"At least I carpe’d that one diem."
Back when they were nine, Q and his neighbour Margo Roth Spiegelman found a dead body. But by the time they reach their last term at high school, they’ve grown apart. Until the night Margo shows up at Q’s window, takes him on a wild ride around town to get revenge on their enemies, then breaks into SeaWorld. Could this be the rebirth of a beautiful friendship?
It would seem not – because next morning, Margo is gone. After a few days, Q’s left to face the truth – she’s not coming back. And then he finds a clue to her whereabouts – can he track her down, or is he becoming obsessed?
I loved Green’s Looking For Alaska so much that I couldn’t quite bring myself to review it, so terrified was I of spoiling something – but this is better. Q is a fantastic main character, the enigmatic Margo is wonderful, and the supporting cast are really strongly written. As well as that, though, Green captures the atmosphere of the crazy last few weeks of high-school, with an almost-nostalgia setting in as students see each other for the last few times, perfectly. Then, of course, there’s his writing style. I sometimes jot down lines from a book I’m particularly impressed by in a small notepad I keep in my pocket. When reading this one, I’d have needed about six pads (and a bigger pocket.) For example, Radar’s speech to Q after Q whines about Ben is stunning – it’s brilliant dialogue precisely because it feels so real, perfectly capturing the frustration Radar feels but also reminding Q why the group of them are friends.

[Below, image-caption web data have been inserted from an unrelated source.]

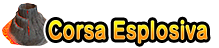 File:Logo Corsa Esplosiva.png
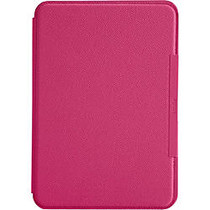 Amazon Carrying Case for 8.9 inch; Tablet - Fuchsia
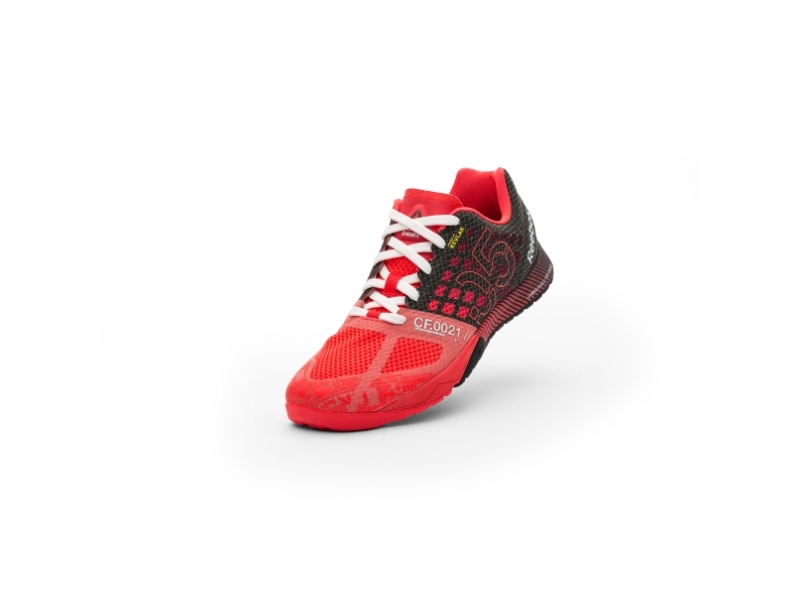 Reebok CrossFit Nano 5.0 - 14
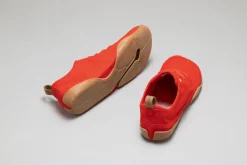 Wildling Shoes Erwachsene>Tanuki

Virtually every page contains at least one fabulous quote, and I’m struggling to think of any other author who can shift the mood of a book from melancholy to hilarious (or vice versa) so quickly without missing a beat. Oh, and to cap it all, it has one of the most perfects endings I’ve ever read.
Absolutely massive recommendation, definitely one of the best books I’ve read this year.